__Data extract__:

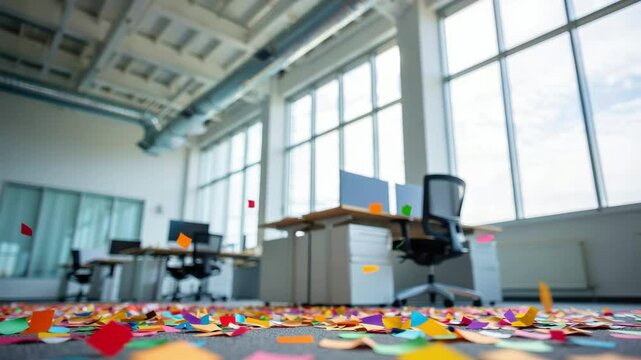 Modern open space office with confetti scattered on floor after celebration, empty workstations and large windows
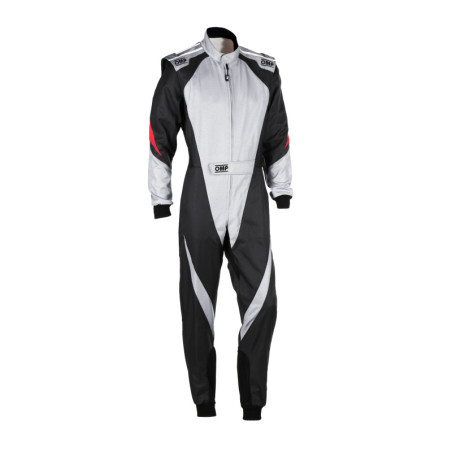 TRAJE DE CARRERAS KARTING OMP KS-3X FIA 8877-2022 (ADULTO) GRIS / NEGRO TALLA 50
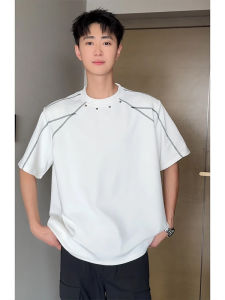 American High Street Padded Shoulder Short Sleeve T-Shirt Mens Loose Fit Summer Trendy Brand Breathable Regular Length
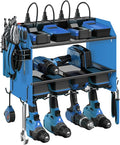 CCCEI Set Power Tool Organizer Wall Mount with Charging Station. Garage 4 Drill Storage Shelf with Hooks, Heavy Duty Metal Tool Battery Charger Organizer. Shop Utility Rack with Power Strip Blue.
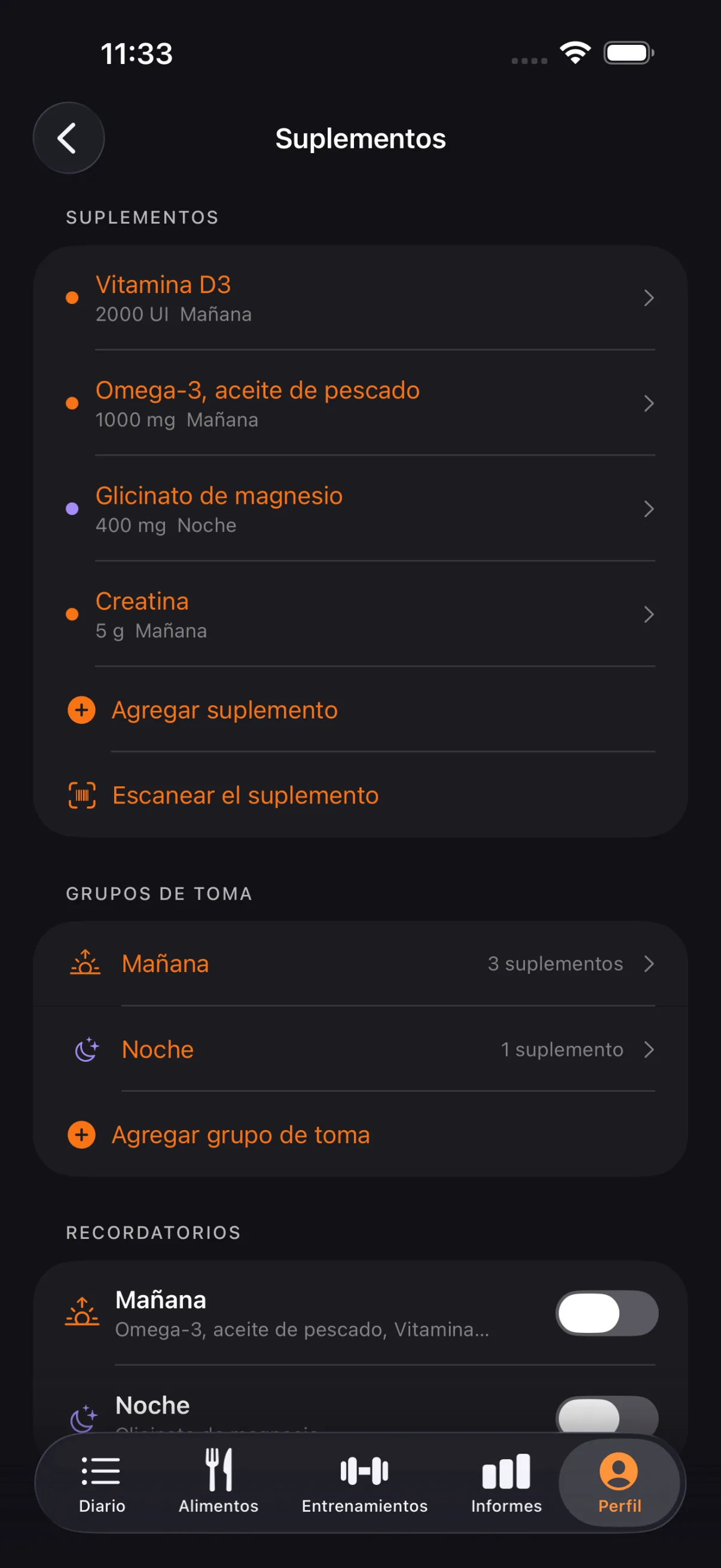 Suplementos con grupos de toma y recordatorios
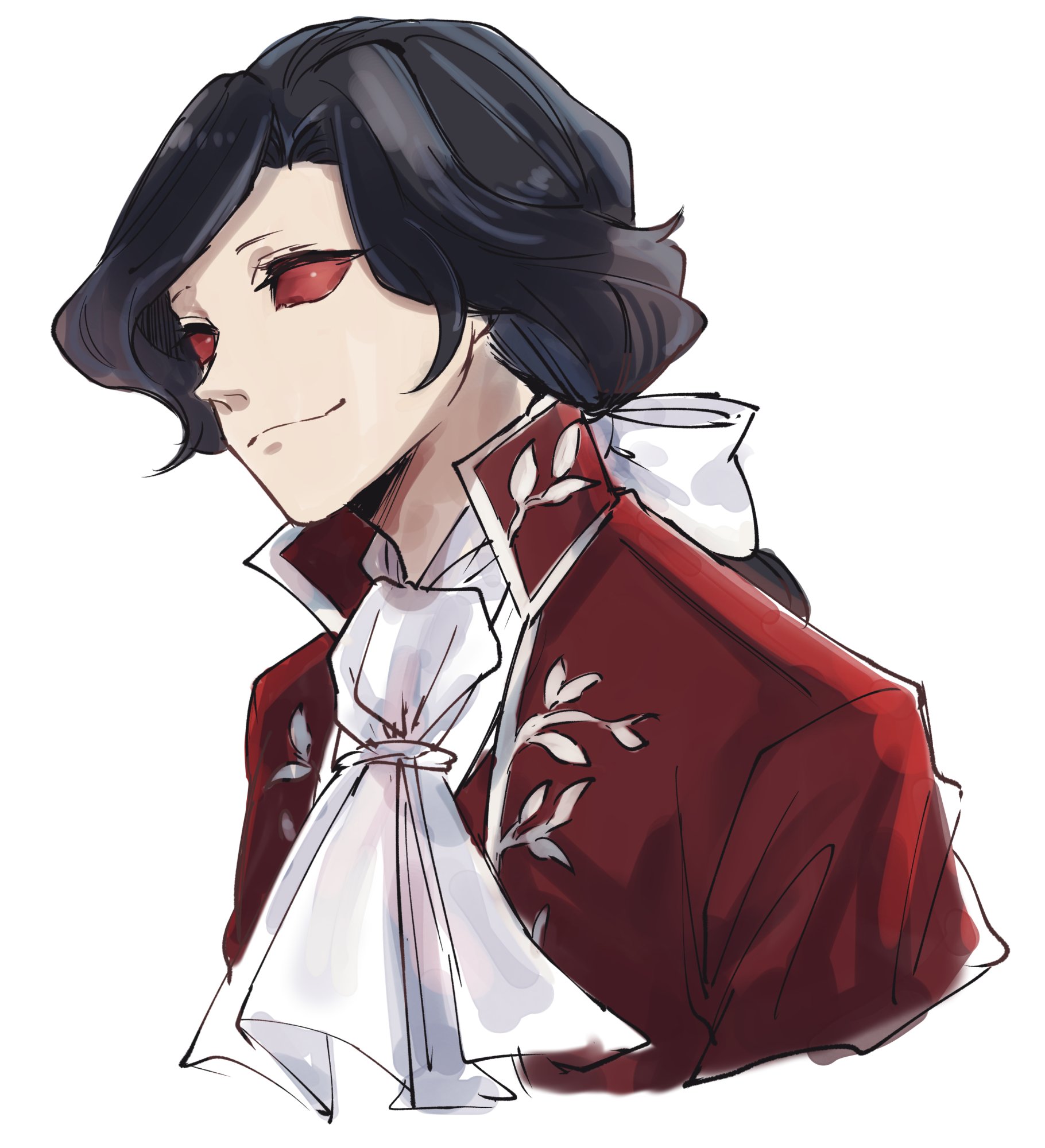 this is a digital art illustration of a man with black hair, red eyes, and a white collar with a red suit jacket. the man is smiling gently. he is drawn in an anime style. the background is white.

__Problem to work on__:
If any entry holds a picture, drop the picture and copy everything else exactly.

__Answer to this task__:
 Modern open space office with confetti scattered on floor after celebration, empty workstations and large windows
 TRAJE DE CARRERAS KARTING OMP KS-3X FIA 8877-2022 (ADULTO) GRIS / NEGRO TALLA 50
 American High Street Padded Shoulder Short Sleeve T-Shirt Mens Loose Fit Summer Trendy Brand Breathable Regular Length
 CCCEI Set Power Tool Organizer Wall Mount with Charging Station. Garage 4 Drill Storage Shelf with Hooks, Heavy Duty Metal Tool Battery Charger Organizer. Shop Utility Rack with Power Strip Blue.
 Suplementos con grupos de toma y recordatorios
 this is a digital art illustration of a man with black hair, red eyes, and a white collar with a red suit jacket. the man is smiling gently. he is drawn in an anime style. the background is white.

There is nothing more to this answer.